L’Ukraine, quant à elle, pourrait représenter une opportunité intéressante. Le pays, qui était un producteur et utilisateur important du charbon (38 % de sa production d’électricité en 2015), s’est retrouvé dans une situation compliquée, étant donné que les exploitations se trouvent principalement dans l’Est du pays - qui n’est plus sous contrôle gouvernemental(19).

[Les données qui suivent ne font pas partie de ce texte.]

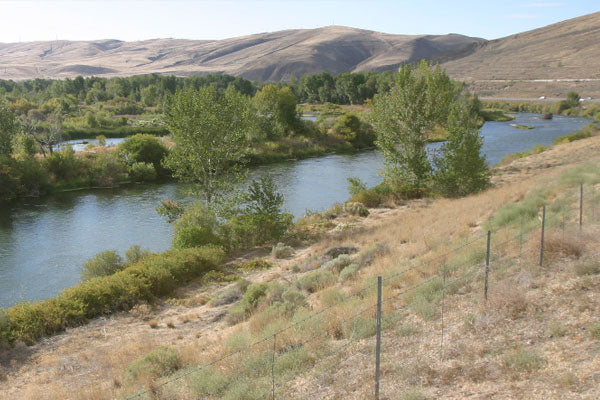 The Yakima River Fly Fishing in Washington State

Le moment idéal, selon certains experts, pour accélérer la transition énergétique(20).

Notes :

(1) Aude Massiot, Les énergies vertes dépassent le charbon en Europe pour la première fois, Libération, 30 janvier 2018.
(2) Sara Stefanini, Big Coal No More, Politico Europe, 20 mars 2018.
(3) Europe coal phase out gathers pace, The Economist - Intelligence Unit, 13 novembre 2017.
(4) Chiffre de la Banque mondiale pour 2015.
(5) La Pologne persiste et signe dans la production de charbon, L’Energeek, 21 décembre 2017.
(6) En Silésie, l’inextricable dépendance au charbon, Jean-Baptiste François, La Croix, 27 février 2018.
(7) Chiffre de Banque mondiale pour 2015.
(8) Jean Comte, Avec les gueules noires de la Ruhr, avant la fermeture de la dernière mine de charbon, Le Figaro, 24 août 2018.
(9) Luc André, Berlin fixera avant la fin de l’année une date de sortie du charbon, Contexte.com,  21 mai 2018.
(10) Selon la Banque mondiale.
(11) UK government spells out plan to shut down coal plants, The Guardian, Adam Vaughan, 5 janvier 2018.
(12) Climat : les Pays-Bas se dotent d’une loi de décarbonation, Journal de l’environnement,  28 juin 2018.
(13) En France, la délicate fermeture des centrales à charbon, AFP, 24 août 2018.
(14) Renewables produce 33.7% of Spain's power in 2017, Renewables now, 29 décembre 2018.
(15) Simone Tagliapietra, Le charbon doit disparaître avec l’aide de l’Union européenne, Le Monde,  29 novembre 2017.
(16) Voir aussi la page dédiée sur le site internet de la Commission européenne .
(17) Voir la carte à la page 6 de ce document. (PDF 706 Ko)
(18) Arthur Neslen, Turkish coal plants in line for public subsidies, The Guardian, 6 septembre 2016. Voir aussi le reportage de Marie Jégo En Turquie, la course au charbon inquiète la population, Le Monde, 17 août 2015.
(19) Ukraine’s coal production reaches about 2.6 mln in June 2018, Ukrinform, 3 juillet 2018.
(20) Oleg Savitsky , Ukraine’s power sector is set for a major transition, Energy Post, 20 juin 2018.

*Jean Comte, journaliste indépendant basé à Bruxelles.